Caleb Deschanel’s work on The Passion of the Christ led our cinematography category in another runaway victory. Robert Richardson’s photography of The Aviator came in second, followed at a similar distance by Emmanuel Lubezki’s lensing of Lemony Snicket’s A Series of Unfortunate Events ( F&V, January 2005). Also earning Passion plaudits was film editor John Wright, whose credits include such crisply made thrillers as The Hunt for Red October, Speed and The Last Action Hero. Thelma Schoonmaker’s work on The Aviator (that plane crash!) and Valdis Oskarsdottir’s wrangling of the tricky Eternal Sunshine narrative were runners-up.
Best Film Editing
The Passion of the Christ
24.3%
The Aviator
18.1%
Eternal Sunshine
16.7%
Fahrenheit 9/11
16%
Ray
4.9%
Best Visual Effects
The Day After Tomorrow
22.4%
Sky Captain
18.2%
Spider-Man 2
18.2%
I, Robot
13.3%
Harry Potter 3
12.6%
Disaster ruled in visual effects, with the chilly imagery from The Day After Tomorrow team ( F&V, July 2004) cited over the retro-futurist environments of Sky Captain and the World of Tomorrow (F&V, August 2004) and the vertiginous acrobatics of Spider-Man 2 (F&V, August, 2004).

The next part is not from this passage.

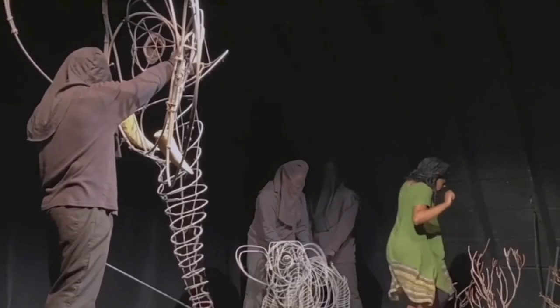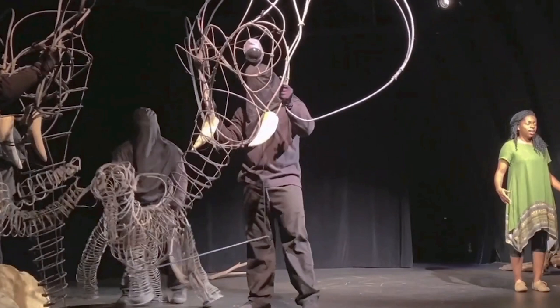They kind of left the knots and left the ends of the twine, so that it all looks like something that was cobbled together.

Ray won in both sound mixing and sound editing, recognizing the film’s effort to do justice to the man’s music and reflect the aural perspective of a blind protagonist.
Pixar continued its winning streak with an Incredibles animation victory over distant runner-up Shrek 2, and the fast-food jeremiad Super Size Me earned a super-sized win over Tupac: Resurrection and Touching the Void.
Best Sound Mixing
Ray
19.7%
Spider-Man 2
14.6%
The Aviator
13.9%
The Bourne Supremacy
12.4%
The Phantom of the Opera
9.5%
Best Sound Editing
Ray
19%
Spider-Man 2
16.8%
The Incredibles
13.9%
The Bourne Supremacy
10.9%
I, Robot
10.2%
Best Documentary
Super Size Me
41%
Tupac: Resurrection
9.8%
Touching the Void
8.2%
Riding Giants
6.6%
Story of the Weeping Camel
6.6%
Best Animated Feature
The Incredibles
55.7%
Shrek 2
21.4%
The Polar Express
14.3%
A Shark Tale
4.3%
SpongeBob SquarePants
2.9%
Finally, readers were asked to identify the most innovative technique they saw in a film this year. Eternal Sunshine was repeatedly singled out, as were the mixed-media lensing of Collateral (F&V, August 2004), the innovative mo-cap technology behind The Polar Express (F&V, November 2004), the dazzling animation of The Incredibles ( F&V, December 2004) and the "super-clean visuals" of Spider-Man 2.